Heavy fighting has flared frequently in Falluja this month despite attempts by Iraqi mediators and others to make a truce stick.
Local doctors say that some 600 people have been killed and many more have fled Falluja since the Marines launched a crackdown after the killing and mutilation of four American security guards in the city.
During the invasion of Iraq a year ago US soldiers killed and wounded dozens of demonstrators in Falluja, angering Sunnis in a city which has become a byword for resistance to the US-led occupation.
A fierce clash also occurred overnight in Khaldiya, west of Falluja, witnesses said, and US troops were out in force in other towns in the so-called "Sunni triangle" north and west of Baghdad, Saddam Hussein's home region and his main stronghold.
Some 115 US soldiers have been killed in combat in Iraq this month, compared with fewer than 100 in the three weeks it took to remove Saddam from power. At least 520 US soldiers have been killed in combat since the US-led invasion of Iraq in March last year.
Three more US soldiers were reported to have died yesterday in two incidents.

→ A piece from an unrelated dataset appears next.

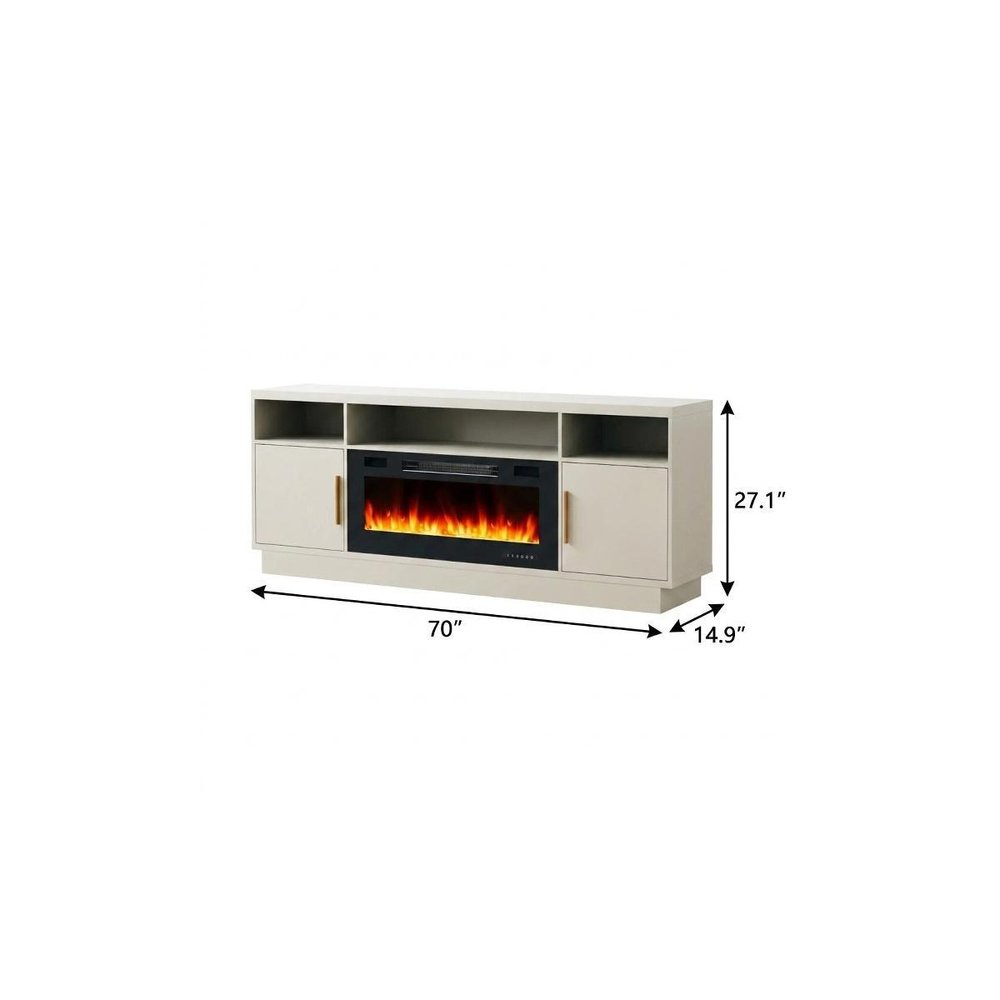 Black Wood Fireplace TV Stand with Fireplace - 70-inch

US forces are facing an even more delicate dilemma in the southern city of Najaf, where a radical cleric from Iraq's Shia majority, Moqtada al-Sadr, has taken refuge among the shrines with several thousand members of his militia.
US commanders near Najaf said that an attack on Monday by an AC-130 gunship, which they believed killed some 60 Shia fighters, appeared to have demoralised Sadr's supporters and was part of a strategy to persuade the cleric to give himself up.
An aide to Sadr - who is wanted by an Iraqi judge in connection with the murder of another cleric - was quick to echo local accusations that many civilians died in Monday's attack near Kufa, outside the city, the heaviest in a three-week stand-off. Sadr has threatened suicide attacks if the Americans attempt to enter Najaf.
Cleric Hussam al-Husseini warned yesterday against what he saw as a US attempt to cut off Kufa - a base for many guerrillas - from Najaf. "All the land of Najaf region is holy and we have the right to defend our holy sites," he said.
US commanders have said that they will only attack mosques if they are being used in combat. "Our goal is to continue to pressure Sadr to understand that we are not going away," said Col Brad May, commander of the 2nd Armoured Cavalry Regiment, outside Najaf. "It is in his best interest to go ahead and lay down arms."